The memory of her, our friendship, and the events that followed don’t feel like real anymore. Yet they were. I felt completely uninhibited, silly and free during that time in my childhood. Closing my eyes, I can easily bring myself back to this time when I knew that there existed one person with whom I shared that feeling: my first best friend whose name I can’t remember. And soon after, the exhilaration fades because it all ended in one day.
I only vaguely remember the details of the events that transpired, but the feelings I felt that day imbedded themselves into my skin, stabbing through me, marinating my bones. No matter how hard you scrub it off, you know it’s in you.

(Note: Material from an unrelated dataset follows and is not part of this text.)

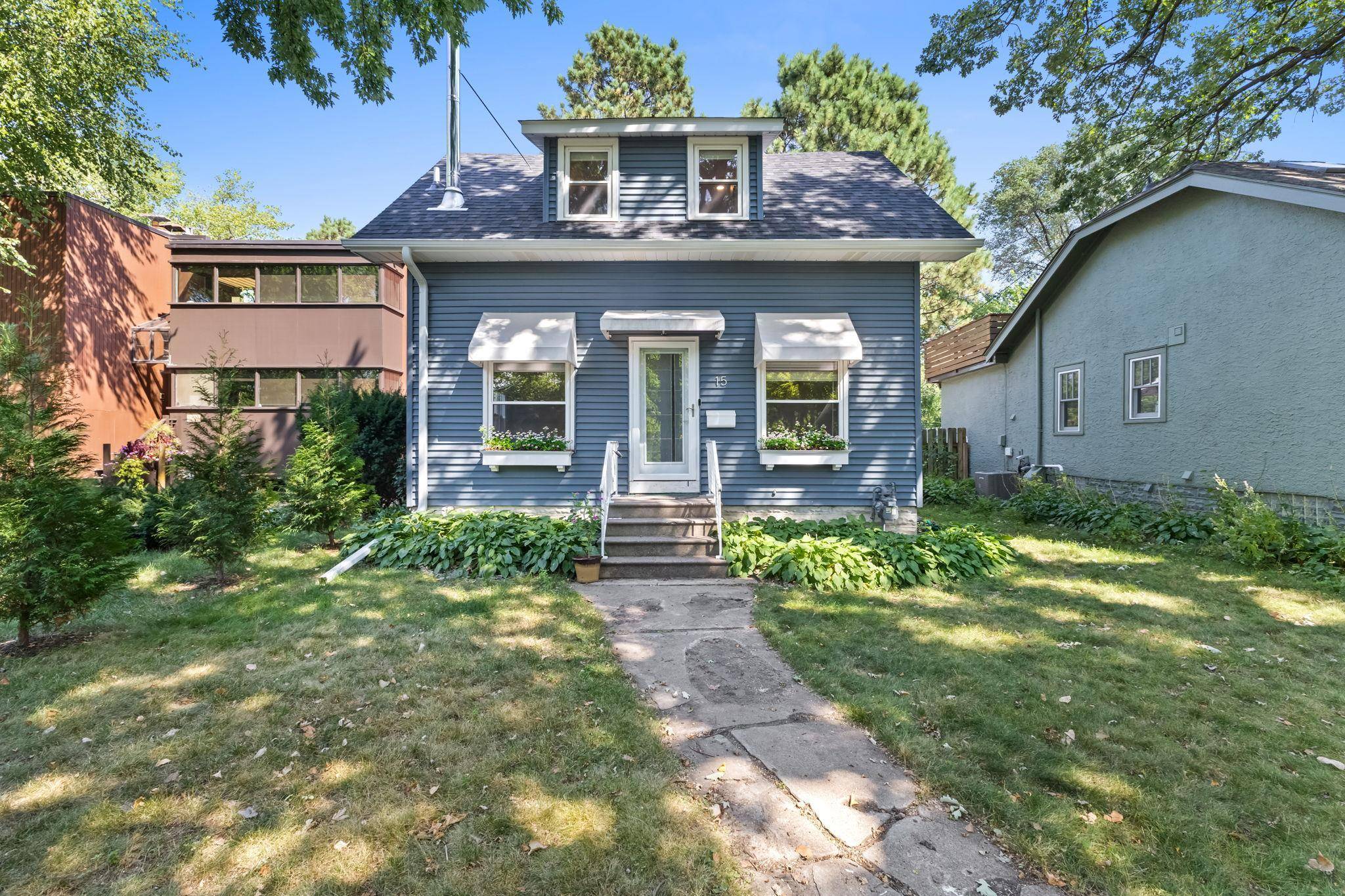 15 Sheridan AVE S, Minneapolis, MN 55405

My friend and I were playing independently in her backyard when her older sister and another girl from down the street showed up on their bicycles. The older sister was the stereotypical mean bully type, but the girl from down the street was worse. The presence of those two girls paralyzed me in the way a person freezes in front of a dangerous snake. I never knew what they were going to do next, but I felt in my gut that it would be bad.

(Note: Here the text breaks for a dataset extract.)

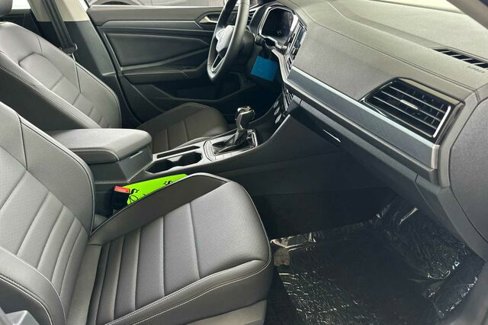 New 2024 Volkswagen Jetta SE image 15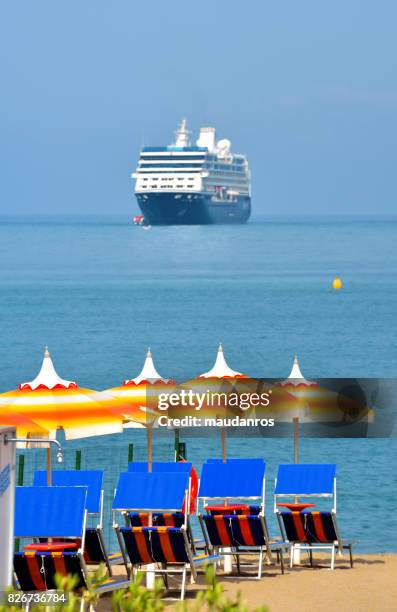 giardini naxos taormina (editorial) - naxos sicily stock pictures, royalty-free photos & images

Despite remembering how I felt, I didn’t rehearse the specific details of how everything transpired. I remember hearing laughter, and it wasn’t coming from me. I remember feeling frozen and scared. I remember feeling stupid and embarrassed. And above anything else, I remember feeling worthless. In a matter of maybe five minutes, something once innate and joyful within me died. I was inside of a trash can.
Maybe I cried. Maybe I screamed. Maybe the older girls freaked out and let me go. I can’t remember how I got out of the can. Did I run home? Did I walk? I don’t remember how my parents found out. I only vaguely remember my grandfather’s panic showing up in the form of a slap across my face. “How could you be so stupid?” I didn’t know. There was yelling. There was screaming. There were cops. There were tears. Hello, shame. It all blurs together like the strokes of an impressionist painting.

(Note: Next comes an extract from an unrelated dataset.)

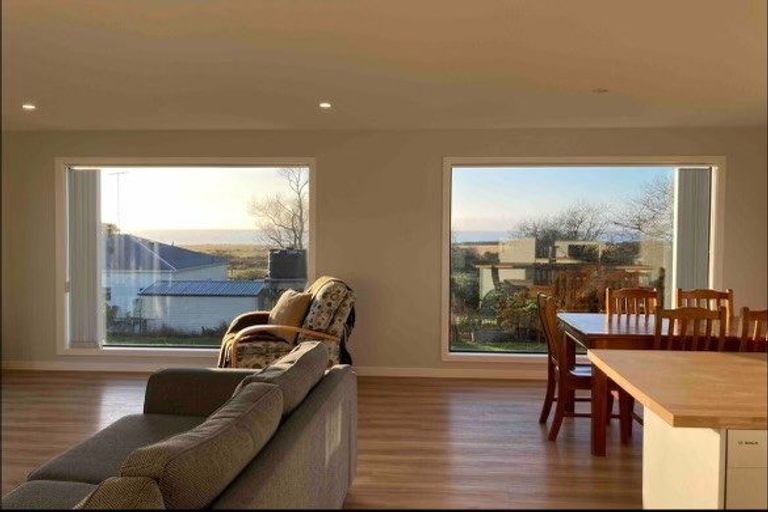 Photo of property in 23 Leicester Street, Hampden, 9410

I never saw my friend again after that day. Like the loud drip of a leaky kitchen faucet that hits a thin and overturned pot while everyone sleeps, the sound of this feeling echoing in my mind kept me very much awake. Eventually, memory would fade into the backdrop in the way the sound of that drip would fade into the nighttime symphony of unknown noises. My once favorite friend became a forgotten catalyst for the gaping void I’d carry for the rest of my life. Hello, abandonment. Each new inevitable trauma I’d add to the plate would be another drip, causing me to misplace that first one. A symphony of drops.
We moved a year or two later.
I eventually forgot about this memory. Remembering something horrible that happened to you in childhood as a child is one thing. Remembering it as an adult is another.
That day was never discussed after it happened – except for an older cousin retelling it to me as an older child in an attempt to fuel her hypothesis that I was indeed stupid. I suspect the event was discussed in her house openly when it happened. Gotta love family.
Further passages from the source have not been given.